> TASK PROMPT:
Of the records that follow, copy only the lines from the line containing "A small group" to the line containing "sad-man-nostalgia-looking-out-window-67523943.jpg", both included, exactly as written.

> AVAILABLE DATA:
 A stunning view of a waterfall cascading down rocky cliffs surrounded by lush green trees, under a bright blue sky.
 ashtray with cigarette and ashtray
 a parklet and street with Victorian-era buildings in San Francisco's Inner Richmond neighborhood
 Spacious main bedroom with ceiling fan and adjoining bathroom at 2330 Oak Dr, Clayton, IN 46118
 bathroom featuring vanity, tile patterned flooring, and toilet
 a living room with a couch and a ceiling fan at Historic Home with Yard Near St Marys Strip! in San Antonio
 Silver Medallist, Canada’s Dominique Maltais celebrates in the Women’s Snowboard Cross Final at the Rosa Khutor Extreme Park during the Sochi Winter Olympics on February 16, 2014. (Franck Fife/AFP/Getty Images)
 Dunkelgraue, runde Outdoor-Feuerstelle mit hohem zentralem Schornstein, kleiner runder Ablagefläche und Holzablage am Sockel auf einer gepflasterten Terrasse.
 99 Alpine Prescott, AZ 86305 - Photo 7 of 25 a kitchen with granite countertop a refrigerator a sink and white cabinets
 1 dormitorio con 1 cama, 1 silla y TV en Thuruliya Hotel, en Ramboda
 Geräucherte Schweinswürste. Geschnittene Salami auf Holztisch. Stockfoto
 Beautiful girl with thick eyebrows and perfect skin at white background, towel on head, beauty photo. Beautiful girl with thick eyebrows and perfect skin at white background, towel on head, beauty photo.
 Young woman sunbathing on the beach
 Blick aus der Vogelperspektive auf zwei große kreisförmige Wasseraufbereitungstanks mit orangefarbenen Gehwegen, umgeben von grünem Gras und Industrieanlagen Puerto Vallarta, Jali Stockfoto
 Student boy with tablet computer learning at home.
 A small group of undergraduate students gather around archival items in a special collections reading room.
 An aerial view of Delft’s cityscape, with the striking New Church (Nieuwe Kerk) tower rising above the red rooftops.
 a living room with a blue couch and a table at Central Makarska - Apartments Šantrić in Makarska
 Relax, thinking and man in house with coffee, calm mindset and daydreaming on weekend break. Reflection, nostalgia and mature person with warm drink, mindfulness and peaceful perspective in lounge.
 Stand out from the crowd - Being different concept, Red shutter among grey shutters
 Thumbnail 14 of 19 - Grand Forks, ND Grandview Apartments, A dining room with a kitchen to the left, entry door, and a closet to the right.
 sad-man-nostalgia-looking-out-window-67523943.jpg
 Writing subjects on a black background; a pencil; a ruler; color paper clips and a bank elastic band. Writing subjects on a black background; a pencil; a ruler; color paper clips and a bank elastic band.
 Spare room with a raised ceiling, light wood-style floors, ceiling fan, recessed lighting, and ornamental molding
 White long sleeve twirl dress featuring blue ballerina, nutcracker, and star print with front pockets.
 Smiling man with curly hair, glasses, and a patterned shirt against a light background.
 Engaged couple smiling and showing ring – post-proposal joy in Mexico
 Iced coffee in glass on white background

> ANSWER:
 A small group of undergraduate students gather around archival items in a special collections reading room.
 An aerial view of Delft’s cityscape, with the striking New Church (Nieuwe Kerk) tower rising above the red rooftops.
 a living room with a blue couch and a table at Central Makarska - Apartments Šantrić in Makarska
 Relax, thinking and man in house with coffee, calm mindset and daydreaming on weekend break. Reflection, nostalgia and mature person with warm drink, mindfulness and peaceful perspective in lounge.
 Stand out from the crowd - Being different concept, Red shutter among grey shutters
 Thumbnail 14 of 19 - Grand Forks, ND Grandview Apartments, A dining room with a kitchen to the left, entry door, and a closet to the right.
 sad-man-nostalgia-looking-out-window-67523943.jpg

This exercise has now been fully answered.